Rappelons-le, le développement durable en tant que corpus est encore en construction. Loin des recettes toutes faites, amenons l’élève à questionner sans a priori la relation entre l’homme et son environnement. Car il n’existe d’environnement qu’autant qu’il existe des sociétés à « environner ». Je rêve d’une discipline en lycée et au collège qui s’intitulerait « développement durable ». Serait-ce plus absurde que « découverte professionnelle » ou « éducation civique » qui existent déjà ?
Concernant la formation des enseignants sur le développement durable, quels devraient être les grands axes?
Si le développement durable sous sa forme actuelle existe depuis peu, il a toutefois déjà à avoir une histoire. Celle-ci est souvent méconnue caricaturé. Or, elle est importante pour comprendre clairement les enjeux du développement durable et les enseigner de manière cohérente. Par exemple, il y a une véritable rupture entre les principes de l’écodéveloppement et ceux du développement durable. Or, que de fois ai-je entendu dans la bouche d’enseignants la vulgate selon laquelle le développement durable est le prolongement de l’écodéveloppement. C’est faux ! Le développement durable, en ce qu’il vise aussi à maintenir nos modes de production et nos manière de vive, est en opposition à l’écodéveloppement. Par exemple encore, que de discussions stériles, franco-françaises, sur la différence entre développement durable et développement soutenable. Alors que le terme originel —et unique— est « sustainable development » qui ne signifie ni durable, ni soutenable, mais « qui peut être maintenu ». Et cela change tout pour l’enseignement : cela signifie que l’on n’a pas à trancher entre équité intergénérationnelle (abusivement associé à durable) et équité spatiale (abusivement associée à soutenable), mais que les deux doivent être menés de pair ; améliorer les conditions de vie « ici et maintenant » tout en préservant la viabilité de la planète.

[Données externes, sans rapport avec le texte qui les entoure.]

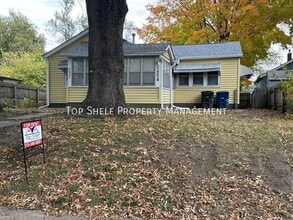 Building Photo - 3905 8th St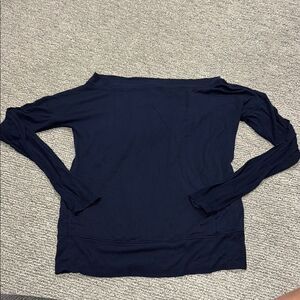 Women’s Athleta Navy Blue Long Sleeve Top size medium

Bref, une formation sérieuse aux origines et à la courte histoire du développement durable est fondamentale.
Par ailleurs, le développement durable relève —nous l’avons vu— d’une approche transversale. Dans la mesure où l’enseignement scolaire ets disciplinaire, il serait bon que les enseignants acquièrent un socle de connaissances complémentaires dans les champs qui ne sont pas les leurs (économie, gestion, biologie, géologie, géographie) : il faut avoir vu un biologiste parler en collège des sociétés ou un géographe au lycée aborder les causes du dérèglement climatique pour comprendre l’urgence de tels compléments.
Enfin, il convient de ne pas négliger la dimension politique du développement durable, car le développement durable ne se déploie « au milieu nulle part », sur un terrain neuf et sans histoire. On se trouve toujours face à une culture et une structure sociale préexistantes, ainsi que face à un arsenal d’initiatives tantôt du ressort de la politique technologique, tantôt à la frange de la politique environnementale et des politiques d’aménagement. Il est donc important que cette dimension soit largement commentée et intégrée dans les formations. Ce qui n’est pas le cas aujourd’hui.